IPFS News Link • Bitcoin
Bitcoin's day of reckoning is here
• QZ.comOn the same day that the alleged mastermind of the clandestine Silk Road marketplace was found guilty for a host of crimes that thrust bitcoin into the public spotlight, regulators in New York came a step closer to licensing businesses that deal in the digital currency.
First, the shadowy stuff. Ross Ulbricht, a developer who prosectors said went by the pseudonym "Dread Pirate Roberts" online and ran a $1.2 billion black market bazaar for illegal goods, was convicted of all seven counts against him, including money laundering and running a criminal enterprise. Bloomberg reported that the jury took just three hours to reach its decision in the case, which was heard in federal court in New York.
While a blow to some of the libertarians and anarcho-capitalists that turned Ulbricht and Silk Road into what Wired describes as "a cause célèbre," Ulbricht's conviction also closes a chapter in the sketchier parts of the bitcoin story that highlighted the currency's alleged use as a conduit for extortion and drug trafficking.
On the same day, New York's Department of Financial Services came out with a revised set of rules to regulate companies that buy, sell, hold, and transfer bitcoin and other virtual currencies.
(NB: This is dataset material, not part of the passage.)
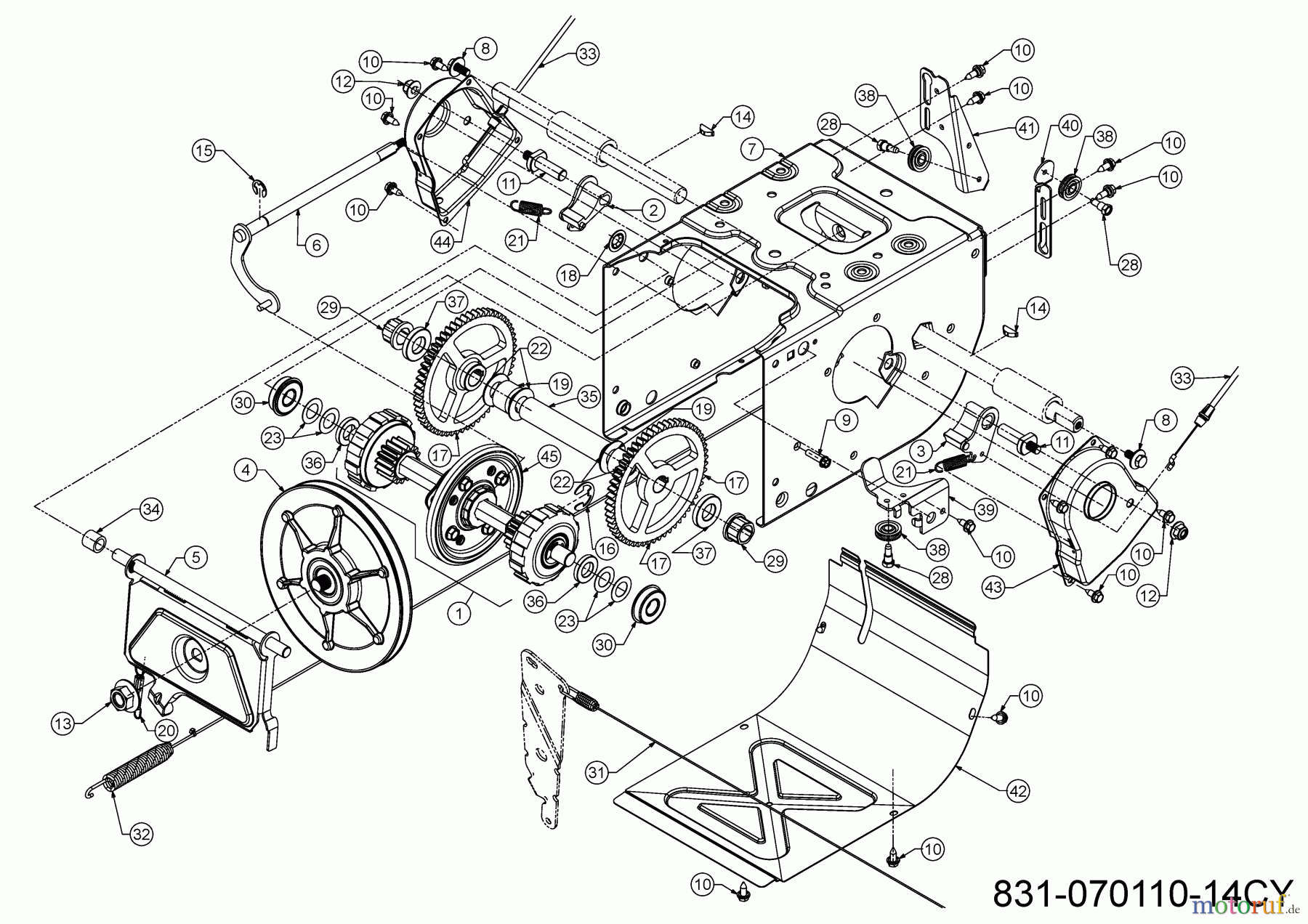 Cub Cadet Schneefräsen XS3 76 TDE 31AY7EVZ603 (2024) Fahrantrieb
Businesses that issue gift cards or reward points will be excluded from the rules, following complaints from retailers like Wal-Mart and Amazon over an initial definition of virtual currency they found to be overly broad.
The so-called "bit license" regulations are important because once finalized, they will become the first piece of state regulation to govern what was originally intended to be an unregulated, decentralized currency free from the hand of government.